No, my status as a mentally diseased person was inferred by the religion I grew up in - the Jehovah's Witnesses, based in Brooklyn, although they're selling off a lot of their properties at the moment and moving, as so many New Yorkers do, upstate a ways.

I of course have a link, as my condition was rather insensitively made public. But in the U.K. I got some friends, or as they call them "blokes," who are even more ticked off than I am. Here's the gist:
Detectives are investigating whether (an) article, published in July’s edition of The Watchtower, is in breach of Britain’s religious hatred laws...

"Suppose that a doctor told you to avoid contact with someone who is infected with a contagious, deadly disease," part of the article stated.

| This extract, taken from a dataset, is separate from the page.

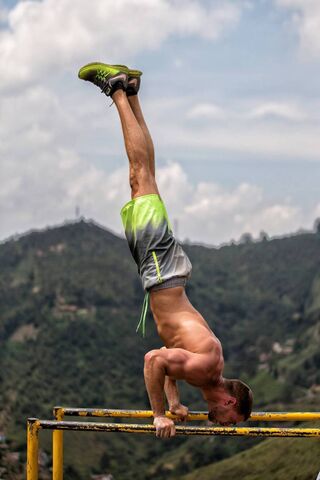 Calisthenics Wallpaper - Download to your mobile from PHONEKY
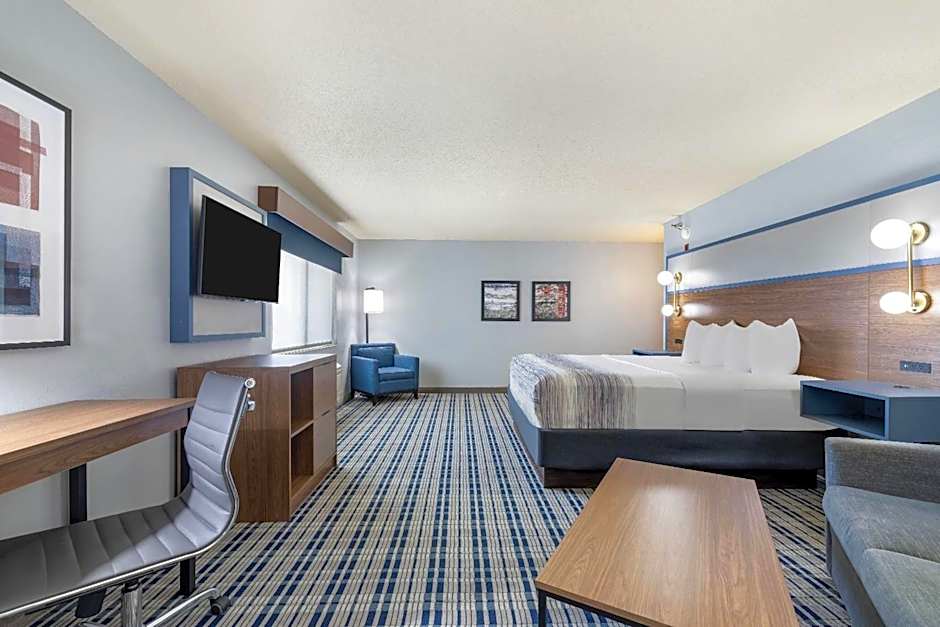 AmericInn by Wyndham Chamberlain - Conference Center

"You would know what the doctor means, and you would strictly heed his warning. Well, apostates are 'mentally diseased', and they seek to infect others with their disloyal teachings."

A group of former Witnesses, based in Portsmouth, have made an official complaint to Hampshire Police about the article. Police have launched an investigation.
I wrangle with my newfound condition in true movie-of-the-week fashion after the jump.

A little context for the newsy bit: The reason British police are investigating this publication is speculation that The Watchtower may have run afoul of legislation, enacted in 2006, that addresses the use of religious "hate speech." This legislation sprung as a reaction against anti-Muslim hate speech. I don't know if it's ever been applied to speech against ex-members of a Christian-derived religion or non-believers, but it wouldn't surprise me if this is the first time.

Former Witnesses are all up in a dander about this. I can see why. "Mentally diseased" is the most pointed, emotionally loaded phrase The Watchtower has ever used to describe us. This isn't some mild epithet like "disfellowshipped persons," or a vague value judgment like "bad association." This is some House M.D. stuff. "Mentally diseased" connotes degradation, a worsening condition, a cerebral virus. I can picture Hugh Laurie belittling me right now before curing me with strategically-placed balloons and spilled cognac just before time fatally runs out. And then American Idol comes on.

(Wait, AmIdol doesn't follow House anymore, does it? It's local news or Cleveland Show reruns or something. Or did AmIdol ever follow House to begin with? See? I'm so mentally diseased, I can't even follow the lineup of a network that only broadcasts two hours a night.)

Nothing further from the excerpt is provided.